[Your task]: For each line below that holds "Velvet", return the line as it stands.

═══ Information supplied

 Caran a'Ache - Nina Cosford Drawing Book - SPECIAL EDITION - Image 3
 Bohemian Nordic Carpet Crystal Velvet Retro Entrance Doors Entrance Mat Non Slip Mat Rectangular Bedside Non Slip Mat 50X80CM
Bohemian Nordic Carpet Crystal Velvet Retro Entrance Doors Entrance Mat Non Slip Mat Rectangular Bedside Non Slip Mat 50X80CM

══════

[Expected answer]:
 Bohemian Nordic Carpet Crystal Velvet Retro Entrance Doors Entrance Mat Non Slip Mat Rectangular Bedside Non Slip Mat 50X80CM
Bohemian Nordic Carpet Crystal Velvet Retro Entrance Doors Entrance Mat Non Slip Mat Rectangular Bedside Non Slip Mat 50X80CM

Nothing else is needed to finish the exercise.